Adoption has evolved over the years. It was once done in secret to protect both the biological mother’s future as well as the adoptive family’s. Legal rights of the biological mother were severed upon the decision to place the child into an adoptive home. The adoptive couple became the legal parents/guardians and even birth certificates were changed to represent the new family unit.  In the early 20th century, it was common to hide an adoption from a child who was often never told the truth about his or her biological family. Then, after “surprising truths” were discovered as the child became an adult, there was an emotional toll to resolve. By the middle of the century and beyond, social practices evolved. Adopted children were usually told “their stories” before they were even old enough to understand the meaning. Adopted babies learned that they were special and chosen by their adoptive parents. They were taught that their birth parent loved unselfishly by choosing parents who were better prepared to parent.
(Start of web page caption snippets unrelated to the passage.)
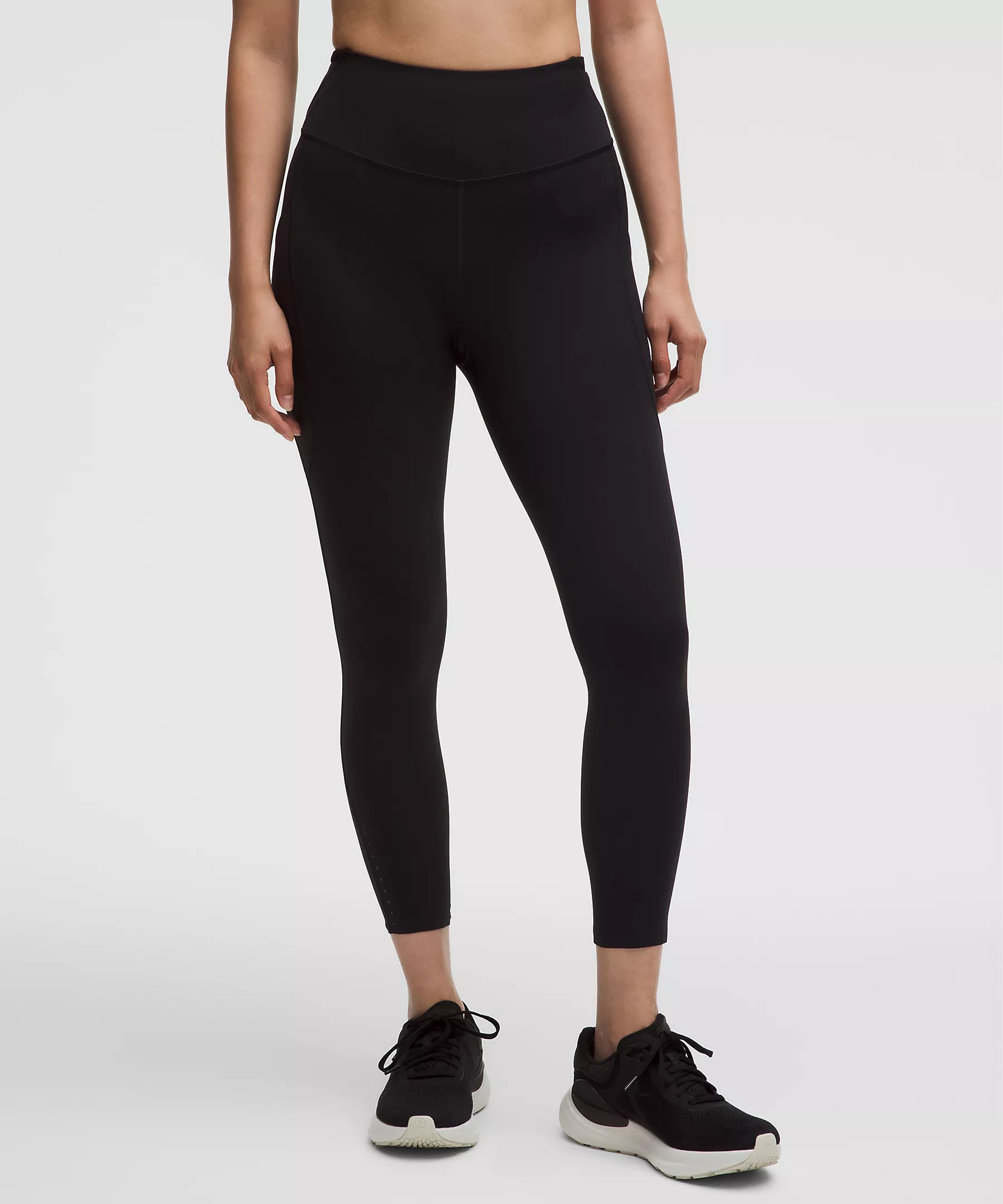 Fast and Free High-Rise Tight 25" | Lululemon (US)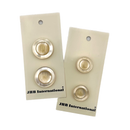3/4" & 7/8" Acrux | Plastic Buttons | Choose Your Size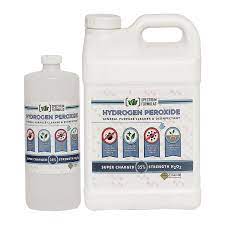 H2O2 Hydrogen Peroxide, 35%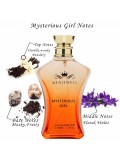 Menjewell Mysterious Girl women perfume 100ml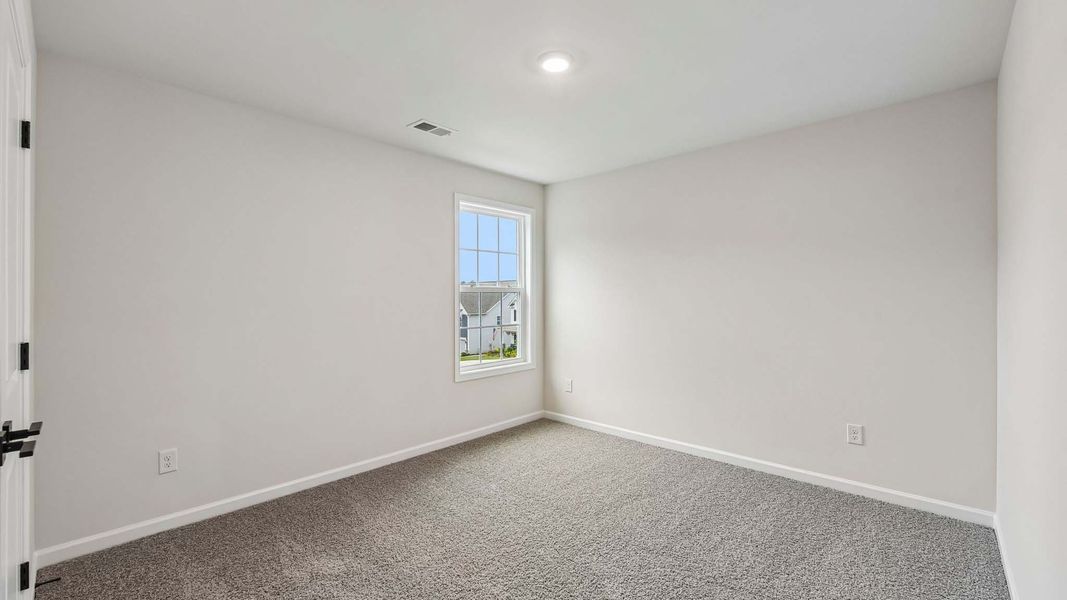 Spacious, unfurnished interior of a new home in Sylvan Creek, Denver (Image 28). Spacious, unfurnished interior of a new home in Sylvan Creek, Denver (Image 28).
In 2019, adoption still provides many opportunities for a parent who feels she is unable to parent. Yes, grief and loss may accompany carrying a child full term and relinquishing parenting to someone else. However, the child is alive, the parent can become involved, or in the least of contact, have the satisfaction of knowing her child is thriving. In abortion choices, there may be initial relief, but there can be also substantial risks: emotionally, relationally, spiritually, and even physically. And, that one little life has ended. Forever.